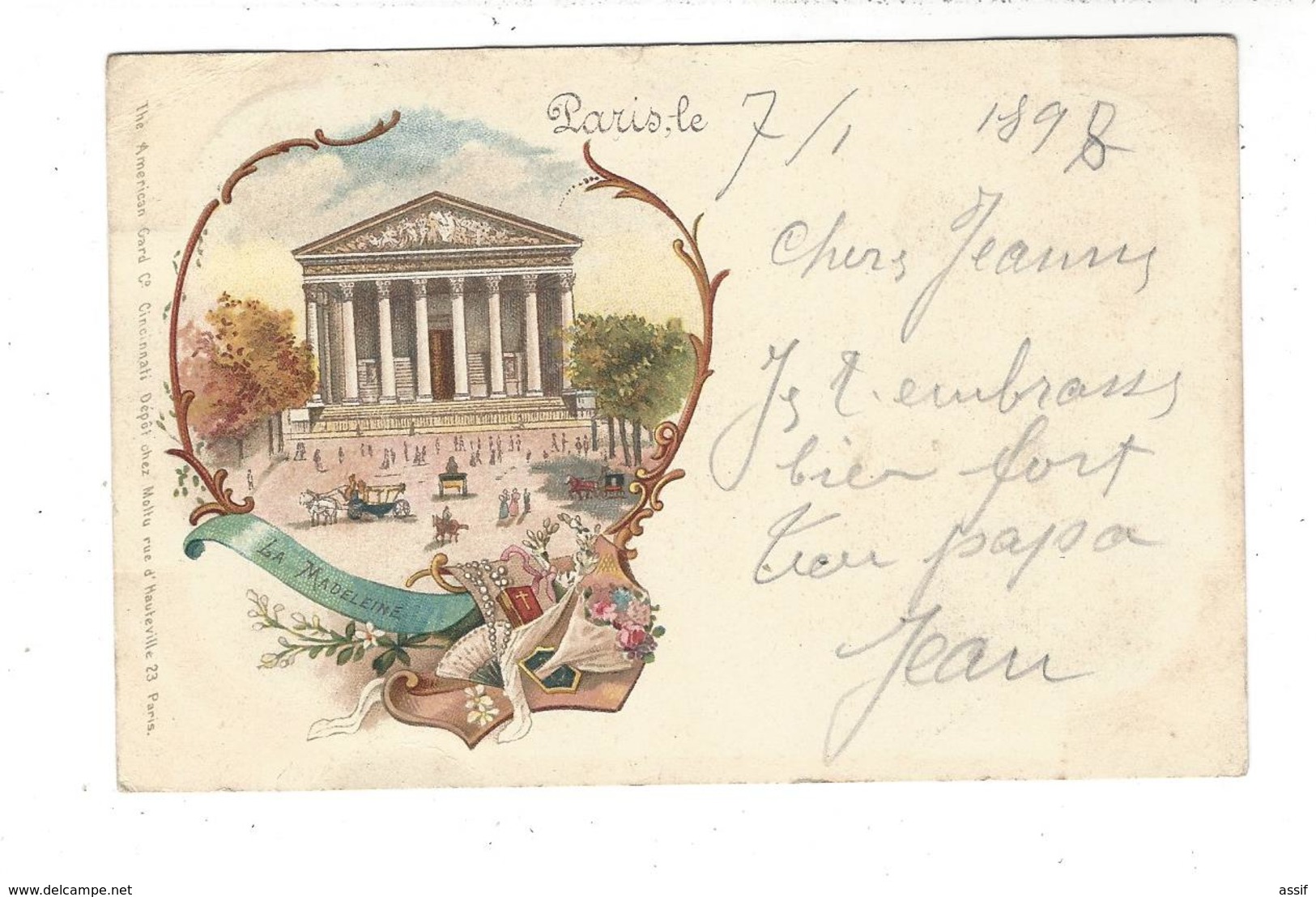 PARIS La Madeleine Cad 7.1.98 Lithographie " The American Card Cincinnati , Chez Moltu " Paire Sage - Churches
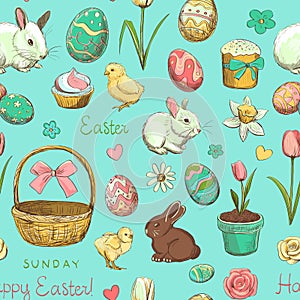 Seamless color pattern Easter holiday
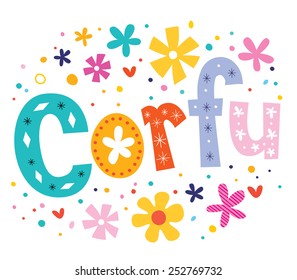 Corfu vector lettering decorative type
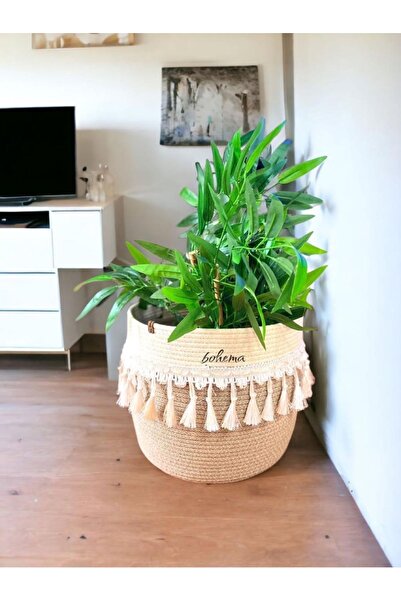 Bohemahomedecor منظم سلة القطن الخوص سلة بطانية التلفزيون سلة ديكور هدية سلة ...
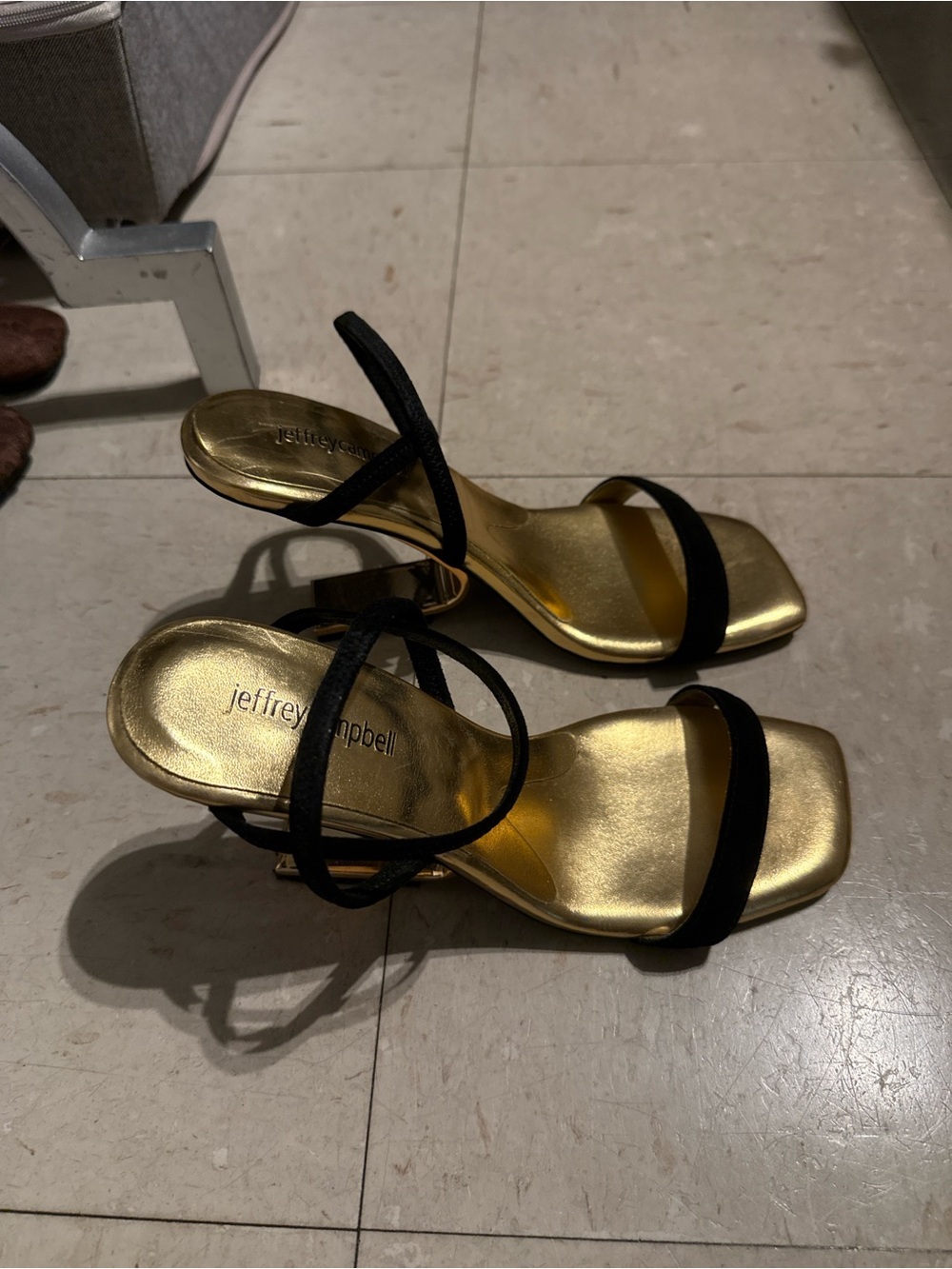 Jeffrey Campbell Black Strappy Heels with Gold Footbed
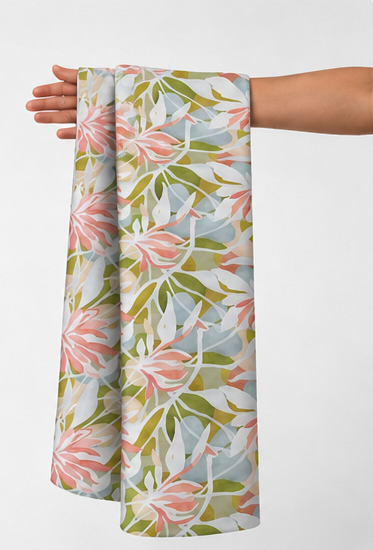 Tropical Pastel Foliage silk held in hand for scale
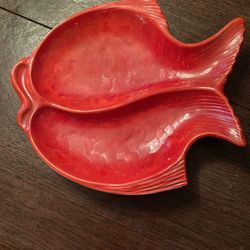 Fish Design Red Seafood Serving Platter. 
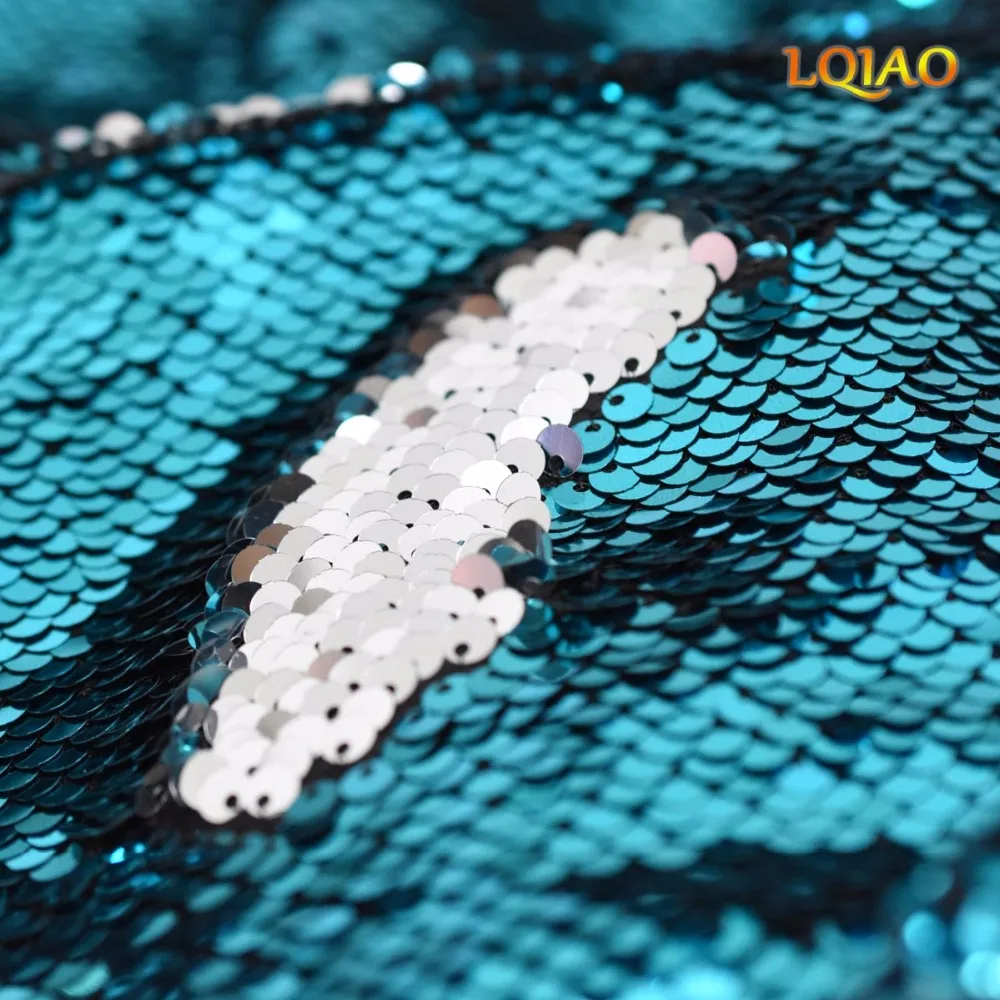 Turquoise Silver Sequin Fabric Reversible-001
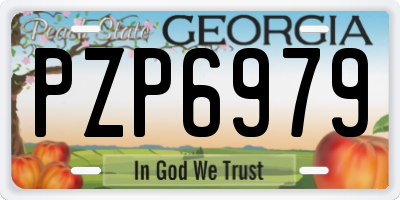 GA license plate PZP6979
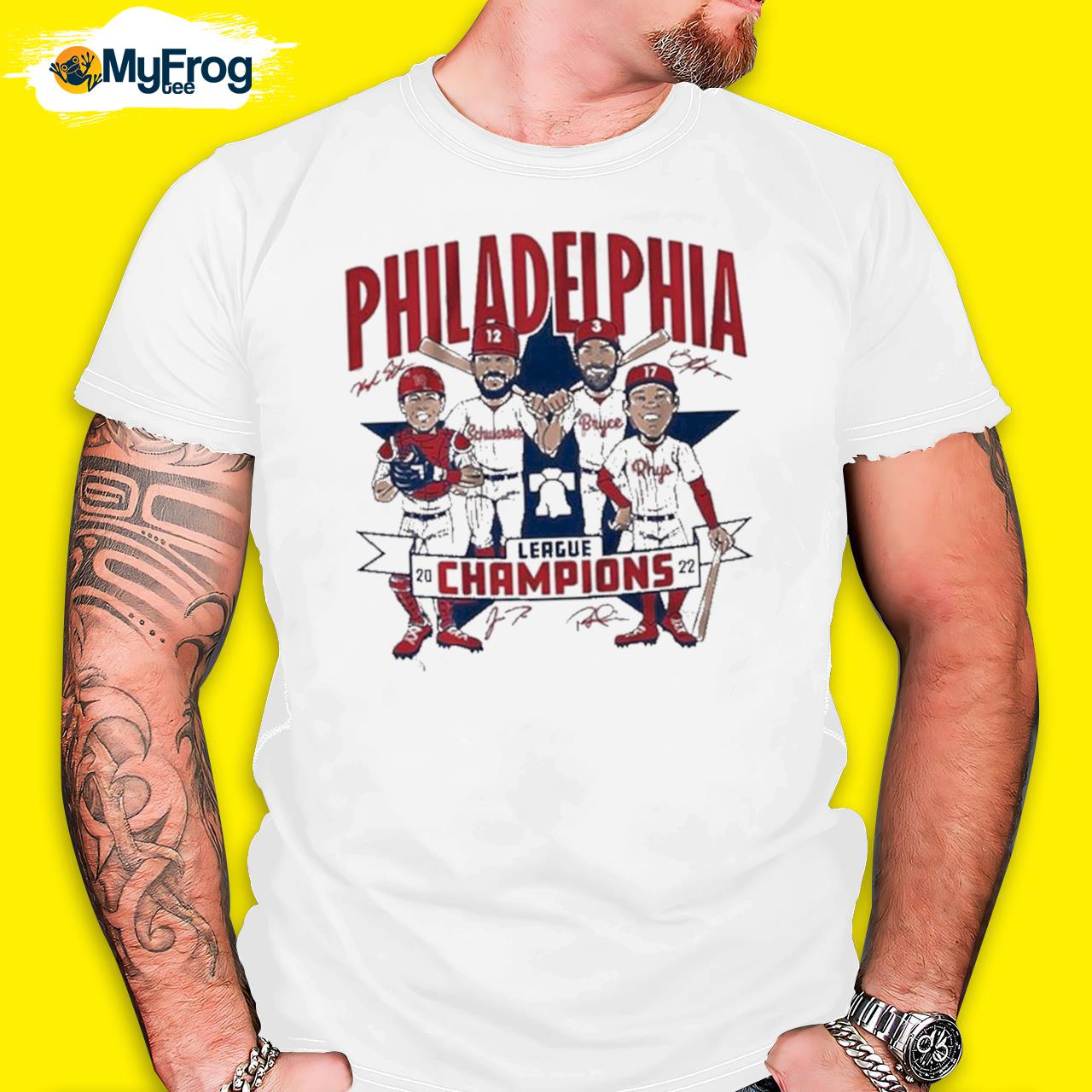 Philadelphia Phillies '22 League Champions Caricature signatures shirt,  hoodie, sweater, long sleeve and tank top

→ Exercise aim
Where a picture appears, omit it, and otherwise retype the material exactly.

→ Answer below
 PARIS La Madeleine Cad 7.1.98 Lithographie " The American Card Cincinnati , Chez Moltu " Paire Sage - Churches
 Seamless color pattern Easter holiday
 Corfu vector lettering decorative type
 Bohemahomedecor منظم سلة القطن الخوص سلة بطانية التلفزيون سلة ديكور هدية سلة ...
 Jeffrey Campbell Black Strappy Heels with Gold Footbed
 Tropical Pastel Foliage silk held in hand for scale
 Fish Design Red Seafood Serving Platter. 
 Turquoise Silver Sequin Fabric Reversible-001
 GA license plate PZP6979
 Philadelphia Phillies '22 League Champions Caricature signatures shirt,  hoodie, sweater, long sleeve and tank top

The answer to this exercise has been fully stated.